Poco ha cambiado el paisaje desde
que Berlanga escribiese esa descripción de la explanada desde donde
contemplamos el pequeño cerrete, que aún conserva piedras renegridas de lo que
fue Valderrodrigo o de lo que fue Monchel. El frescor del navajo y la sombra de
las sabinas nos hacen sentir bien. Cada uno de los que formamos la comitiva
recordamos algún pasaje de la novela e intercambiamos durante unos minutos
conversaciones encaminadas a identificar a tal o cual personaje, recuperar anécdotas
o parajes distorsionados por la habilidad literaria del autor.
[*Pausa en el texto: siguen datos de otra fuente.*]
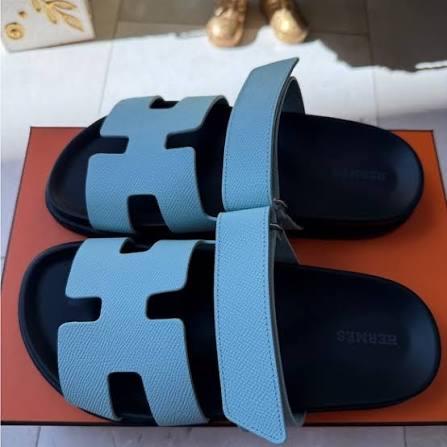 Hermès Chypre Sandalen - Lichtblauw 46, Ophalen of Verzenden, Zo goed als nieuw, Blauw, Sandalen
De regreso hacia Labros, Mariano Marco
nos ilustra con los nombres de cerros y montes. La presencia del Cid por estas
tierras, camino del destierro, sigue viva mil años después. Se suceden los
topónimos referidos a su leyenda. Cuando en “La gaznápira” uno de los
personajes, el Moisés, se pregunta dónde estarán los muertos del pueblo
abandonado, se responde: “junto a la iglesia, como ocurría antes en Monchel; o
quién sabe si no huyeron todos los vecinos el día de una batalla contra el Cid; o quizás se quedaron sin
enterrar si la peste arrambló con todos… a la muerte le basta una rengliz
estrecha para entrar a borbotones”.
No nos hemos dado cuenta y ya
estamos en Labros. Mariano Marco nos enseña el pueblo, sus pairones, las viejas
casas con dinteles labrados hace cientos de años y su iglesia, una joya del
románico popular que ha pasado por mil vicisitudes y que se alza sobre un
altozano desde el que se contempla una de las vistas más hermosas de la Sexma
del Sabinar. Mi mala memoria y mi torpeza han hecho que perdiese las notas que
fui recogiendo mientras charlaba con Mariano. Pero no importa, lo tiene todo
escrito sobre Labros en su blog. Pinchad en su nombre y os adentraréis en el
sorprendente mundo de Monchel.
¿Para comer? No es fácil, son
pueblos pequeños. A no ser que tengas la suerte de que te reciban en una casa
fresca y acogedora como a mí, que además me deleitaron con una conversación inolvidable, un excelente vino de Cariñena y una fabada de
categoría en casa de la familia Marco. Vamos, una comida para siesta de
“pijama, padrenuestro y orinal” como decía aquel gran comilón que fue don
Camilo. Si no tienes esa suerte, te aconsejo llevar merienda o acercarte a
Molina de Aragón. En alguno de mis blogs anteriores hago algunas
recomendaciones gastronómicas en la capital del Señorío, pero os aseguro que en
aquella tierra es difícil equivocarse, casi imposible.